Remember Beacon Power, that startup using 2,800-pound flywheels to cut noxious emissions? Well, three years later, the company is wrapping up construction of its first plant, a 20-megawatt operation that just happens to be the world's largest. The Stephentown, NY facility is home to 200 of these flywheels, which store and output energy as needed, essentially matching the power supply with the demands of the grid. The result, the company promises, is reduced energy waste and stable electrical frequencies hovering around 60Hz. And while the plant's already up and running at 18 megawatts, it won't be until later this month that Beacon finishes building it out so that it reaches its full capacity. Full PR and champagne-popping celebration plans after the break.
Show full PR text
Beacon Power to Celebrate Completion of World's First 20 MW Flywheel Plant
Stephentown Facility Now Operating at 18 MW as it Nears Final Capacity
TYNGSBORO, Mass., Jun 1, 2011 (GlobeNewswire via COMTEX) --
Beacon Power Corporation (Nasdaq:BCON), a leading provider of advanced products and services to support a more stable, reliable and efficient electricity grid, announced that on July 12, 2011, the Company will host a ceremony to mark the completion and full operation of its first 20-megawatt flywheel energy storage plant in Stephentown, New York. The facility, which provides grid-stabilizing commercial frequency regulation services to the New York State electricity grid, is currently operating at 18 MW and is expected to reach its full 20 MW capacity later this month.
Bill Capp, Beacon Power president and CEO, said: "The completion and energization of our first full-scale commercial flywheel plant is a true milestone and cause for celebration.
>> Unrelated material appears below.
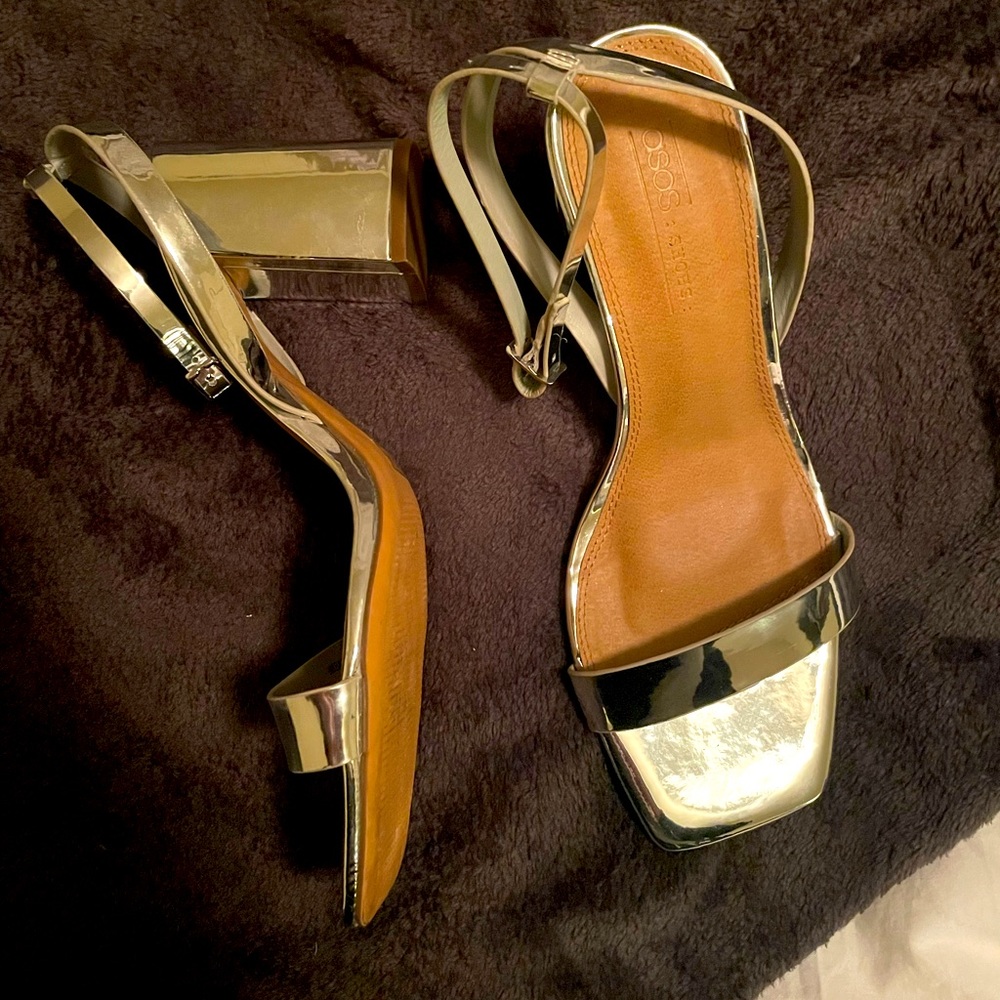 Worn Once ASOS Wide Fit 3”  block heeled sandals in silver. Size 10 wide.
Our event will recognize the individuals and organizations that were instrumental in supporting this achievement, as well as give guests a chance to see the operation in person. When compared to other methods, our Stephentown flywheel plant offers the cleanest and most cost-effective solution for frequency regulation ever deployed on a power grid."
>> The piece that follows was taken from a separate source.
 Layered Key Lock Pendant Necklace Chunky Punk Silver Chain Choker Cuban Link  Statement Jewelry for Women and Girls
Capp continued: "The startup of our first plant has been closely followed by utilities, grid operators, regulators, wind developers, and other stakeholders around the world. Its successful completion and full-scale operation supports our two-part business model: owning and operating merchant plants that provide regulation services in open-bid markets -- and that become references for the sale of flywheel plants on a turnkey basis to vertically integrated utilities. This facility is just the beginning."